Python 3.13: What's New

Last updated October 21st, 2024

One more year has passed, and Python 3.13 is out! It was released on October 7th, 2024. I'm sure you're as excited as we are to see what it brings. This article will take a look into the novelties that will make your Python development even better:

  1. Improved interactive interpreter - e.g., multiline editing with history preservation
  2. No-GIL, free-threaded Python - utilize all available processing power by running threads in parallel on all available CPUs
  3. Improved error messages - more helpful error messages for common mistakes
  4. Improved typing - typing.ReadOnly to mark read-only attributes inside typed dicts
  5. Improved warnings - new warnings.deprecated() decorator to emit warnings at runtime and type checking if a deprecated object/function/overload is used
  6. Improved argparse - a new deprecated argument was added to support deprecation of command-line options, positional arguments, and subcommands

Contents

Installing Python 3.13

If you have Docker, you can quickly spin up a Python 3.13 shell to play around with the examples in this article like so:

$ docker run -it --rm python:3.13

Not using Docker? We recommend installing Python 3.13 with pyenv:

$ pyenv install 3.13.0

You can learn more about managing Python with pyenv from the Modern Python Environments - dependency and workspace management article.

Improved Interactive Interpreter

Have you ever tried to exit the REPL with exit, but it didn't work? Well, now you can! The new REPL now supports calling REPL-specific commands just by name -- no need to call them as functions anymore.

Python < 3.13:

>>> exit()

Python >= 3.13:

>>> exit

Obviously, the old way of calling them as functions still works.

Another nugget of goodness is multiline editing with history preservation. You can now edit multiline statements in the REPL without losing the history of the previous lines. This is a great improvement for debugging and testing code snippets.

Using history with Python < 3.13

Defining function:

>>> def foo():
...     print('Hello')

Going through history with up arrow:

>>>     print('Hello')
>>> def foo():

Using history with Python >= 3.13

Defining function:

>>> def foo():
...     print('Hello')

Going through history with up arrow:

>>> def foo():
...     print('Hello')

Another thing worth mentioning is that prompts and tracebacks are now colored by default. That makes everything much more readable.

More info:

  1. Official docs
  2. PyREPL -- New default REPL written in Python

No-GIL, Free-threaded Python

As already described in Python 3.12: What's New, the Global Interpreter Lock (GIL) is a mutex (or lock) that protects access to Python objects, preventing multiple threads from executing Python bytecodes at once. This lock is necessary mainly because CPython's memory management is not thread-safe. The GIL is controversial because it prevents multithreaded CPython programs from taking full advantage of multiprocessor systems in certain situations.

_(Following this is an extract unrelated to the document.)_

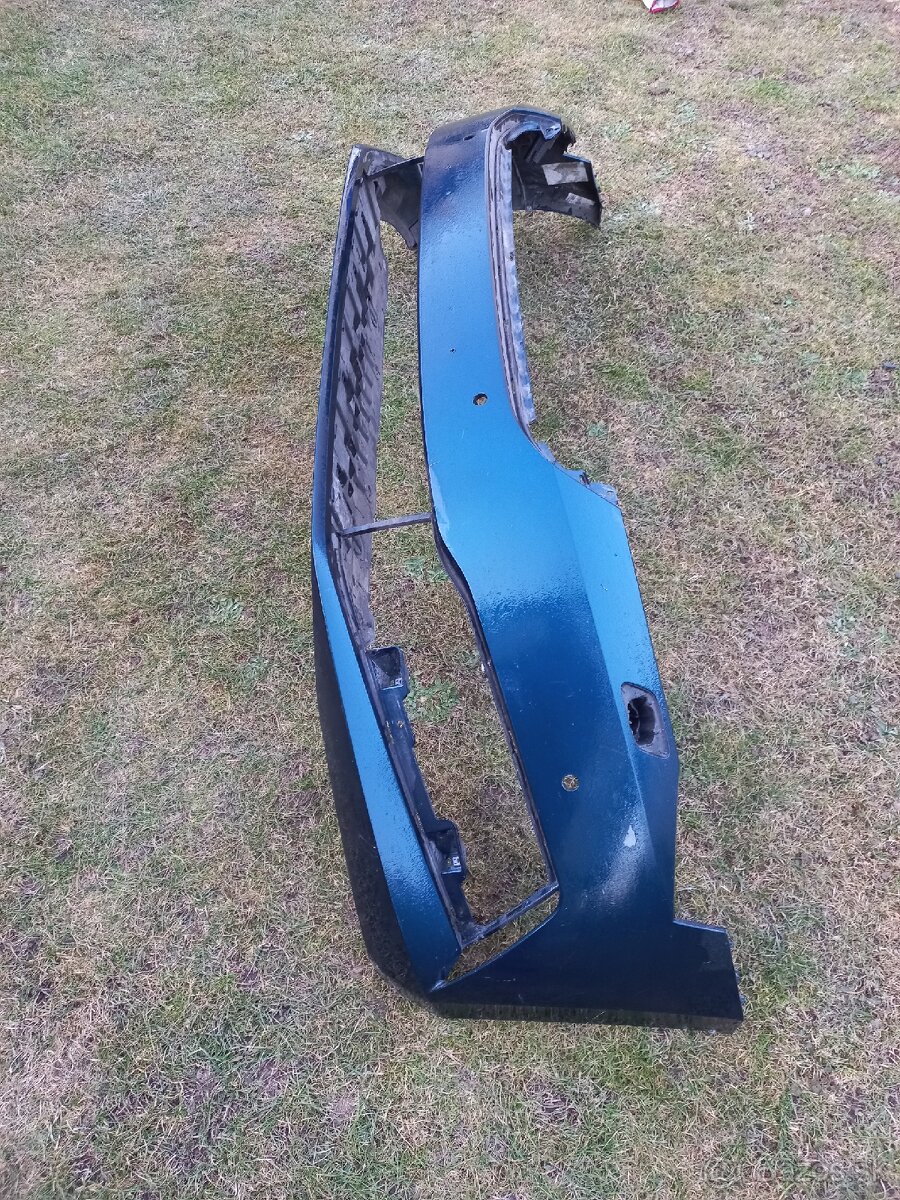 Predny nárazník raznik skoda superb III lift č.d 3V0807221F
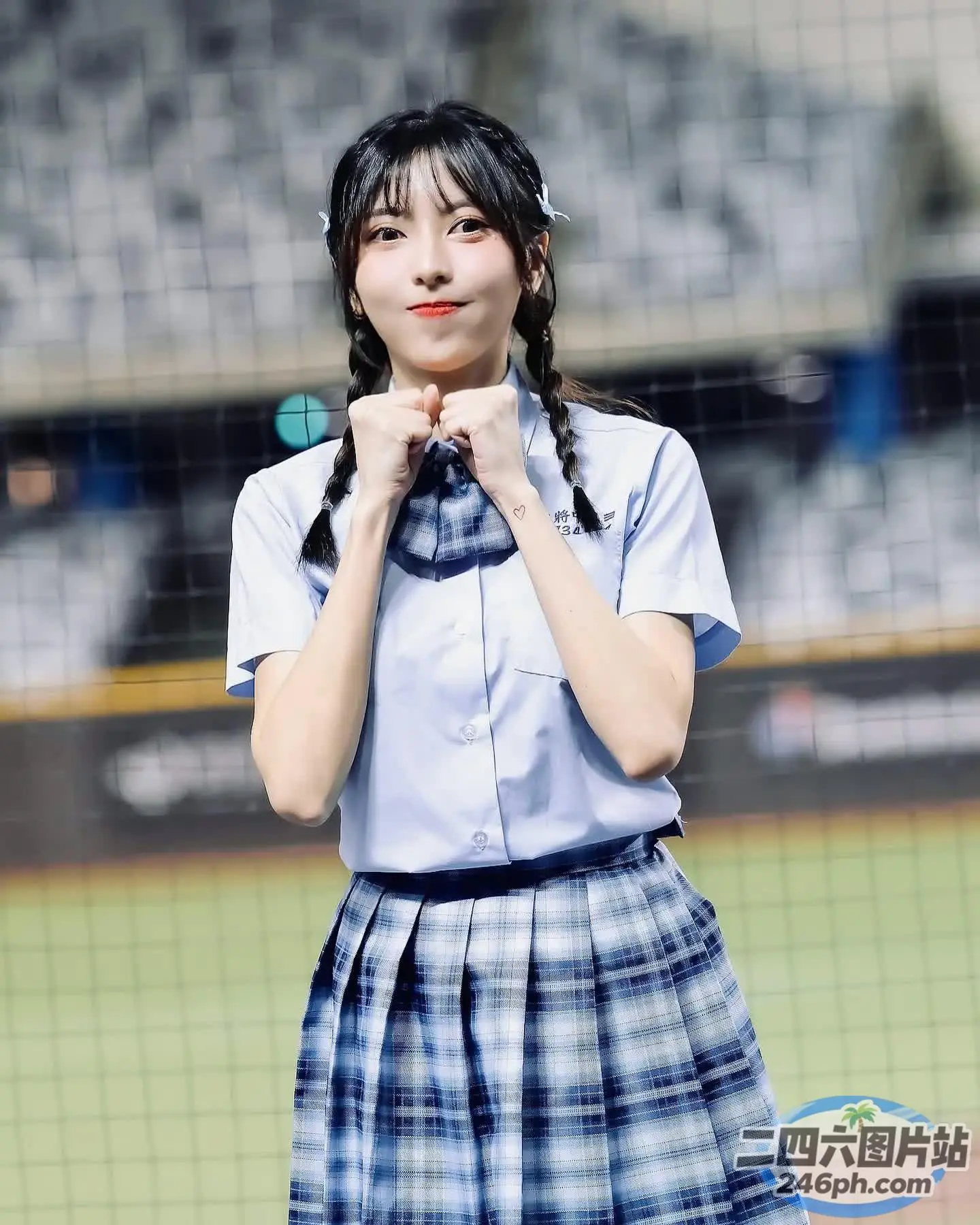 身穿蓝白制服的 arafed 亚洲女孩合影留念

Well not anymore! CPython finally comes with an option for execution with the GIL disabled. For now, this is only experimental. To make use of it, you'll need to install a special version of Python. Anyhow, with that, you can utilize all available processing power by running threads in parallel on all available CPUs.

More info:

  1. PEP 703
  2. Official docs

Improved Error Messages

As with the last three Python releases, Python 3.13 comes with improved error messages. This time, they've improved error messages for some of the common mistakes. Also, the interpreter now uses color when showing errors inside the terminal. This will make debugging easier and more efficient.

From now on, you'll get very useful error message if your module name will collide with a standard library module:

# math.py

import math

print(math.sqrt(25))

Python < 3.13:

$ python math.py

AttributeError: partially initialized module 'math' has no attribute 'sqrt'
(most likely due to a circular import)

Python >= 3.13:

$ python math.py

AttributeError: module 'math' has no attribute 'sqrt'
(consider renaming 'math.py' since it has the same name as the standard library
module named 'math' and the import system gives it precedence)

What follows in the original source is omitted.